(Collection entries)
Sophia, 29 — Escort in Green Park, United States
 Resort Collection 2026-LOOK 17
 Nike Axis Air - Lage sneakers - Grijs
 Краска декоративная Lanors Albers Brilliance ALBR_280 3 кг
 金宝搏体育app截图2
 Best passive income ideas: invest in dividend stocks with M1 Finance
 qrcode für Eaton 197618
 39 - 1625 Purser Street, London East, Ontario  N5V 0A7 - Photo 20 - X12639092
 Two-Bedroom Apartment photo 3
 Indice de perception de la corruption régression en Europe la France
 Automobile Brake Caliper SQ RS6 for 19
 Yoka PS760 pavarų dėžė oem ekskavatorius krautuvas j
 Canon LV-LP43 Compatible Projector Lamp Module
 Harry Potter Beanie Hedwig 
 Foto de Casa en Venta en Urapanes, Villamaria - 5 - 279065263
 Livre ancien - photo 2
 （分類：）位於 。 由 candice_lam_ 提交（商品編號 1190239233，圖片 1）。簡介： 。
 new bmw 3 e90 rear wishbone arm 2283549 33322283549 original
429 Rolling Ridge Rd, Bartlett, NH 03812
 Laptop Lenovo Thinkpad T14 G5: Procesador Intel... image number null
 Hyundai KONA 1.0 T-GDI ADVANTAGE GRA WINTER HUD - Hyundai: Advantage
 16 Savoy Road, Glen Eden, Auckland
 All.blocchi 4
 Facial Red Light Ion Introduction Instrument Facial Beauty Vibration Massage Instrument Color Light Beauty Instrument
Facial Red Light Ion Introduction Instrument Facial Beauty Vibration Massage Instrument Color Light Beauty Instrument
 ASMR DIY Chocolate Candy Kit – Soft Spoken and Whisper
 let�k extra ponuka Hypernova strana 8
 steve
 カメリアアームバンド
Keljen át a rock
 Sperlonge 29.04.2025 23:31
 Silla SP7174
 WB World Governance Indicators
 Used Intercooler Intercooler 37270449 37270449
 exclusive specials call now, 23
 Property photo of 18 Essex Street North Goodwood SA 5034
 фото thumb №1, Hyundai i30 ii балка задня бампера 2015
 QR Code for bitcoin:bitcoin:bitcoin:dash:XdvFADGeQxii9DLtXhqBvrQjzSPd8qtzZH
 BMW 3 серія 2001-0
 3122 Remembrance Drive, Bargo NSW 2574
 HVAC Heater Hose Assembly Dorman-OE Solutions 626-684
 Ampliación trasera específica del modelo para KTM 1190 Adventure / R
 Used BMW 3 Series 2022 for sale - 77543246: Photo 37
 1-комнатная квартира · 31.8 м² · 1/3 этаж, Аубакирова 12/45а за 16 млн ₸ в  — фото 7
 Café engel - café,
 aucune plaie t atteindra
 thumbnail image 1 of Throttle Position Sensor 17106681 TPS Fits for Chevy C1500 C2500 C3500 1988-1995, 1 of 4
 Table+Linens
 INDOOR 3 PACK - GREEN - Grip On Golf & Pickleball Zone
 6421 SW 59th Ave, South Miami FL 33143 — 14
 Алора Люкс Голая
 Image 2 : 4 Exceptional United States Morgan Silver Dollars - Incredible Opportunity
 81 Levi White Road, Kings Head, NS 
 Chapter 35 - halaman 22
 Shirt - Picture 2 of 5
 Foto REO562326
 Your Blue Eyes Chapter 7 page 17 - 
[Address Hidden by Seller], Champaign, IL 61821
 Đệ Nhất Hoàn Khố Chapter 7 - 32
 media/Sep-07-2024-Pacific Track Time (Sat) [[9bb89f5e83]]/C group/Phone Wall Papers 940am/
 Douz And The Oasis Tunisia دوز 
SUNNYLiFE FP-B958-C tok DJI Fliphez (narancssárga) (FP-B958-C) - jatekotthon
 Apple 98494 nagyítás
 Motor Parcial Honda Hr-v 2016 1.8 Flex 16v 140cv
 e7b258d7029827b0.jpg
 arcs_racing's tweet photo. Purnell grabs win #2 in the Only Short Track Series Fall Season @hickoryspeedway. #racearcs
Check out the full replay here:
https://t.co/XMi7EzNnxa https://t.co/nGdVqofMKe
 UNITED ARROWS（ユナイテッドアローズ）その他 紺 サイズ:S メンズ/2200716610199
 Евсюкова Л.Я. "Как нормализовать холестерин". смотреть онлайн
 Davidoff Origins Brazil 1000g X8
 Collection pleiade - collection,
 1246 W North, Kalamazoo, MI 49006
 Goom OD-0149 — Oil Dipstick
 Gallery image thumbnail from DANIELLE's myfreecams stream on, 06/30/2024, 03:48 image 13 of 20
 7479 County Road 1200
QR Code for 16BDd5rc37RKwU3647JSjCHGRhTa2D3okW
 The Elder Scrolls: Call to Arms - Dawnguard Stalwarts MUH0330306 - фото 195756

ACTIVITY:
Using the data above, extract exactly the lines from the one that holds "aucune plaie t atteindra" to the one that holds "Алора Люкс Голая", both ends included, and no others.

RESULT FOR THIS TASK:
 aucune plaie t atteindra
 thumbnail image 1 of Throttle Position Sensor 17106681 TPS Fits for Chevy C1500 C2500 C3500 1988-1995, 1 of 4
 Table+Linens
 INDOOR 3 PACK - GREEN - Grip On Golf & Pickleball Zone
 6421 SW 59th Ave, South Miami FL 33143 — 14
 Алора Люкс Голая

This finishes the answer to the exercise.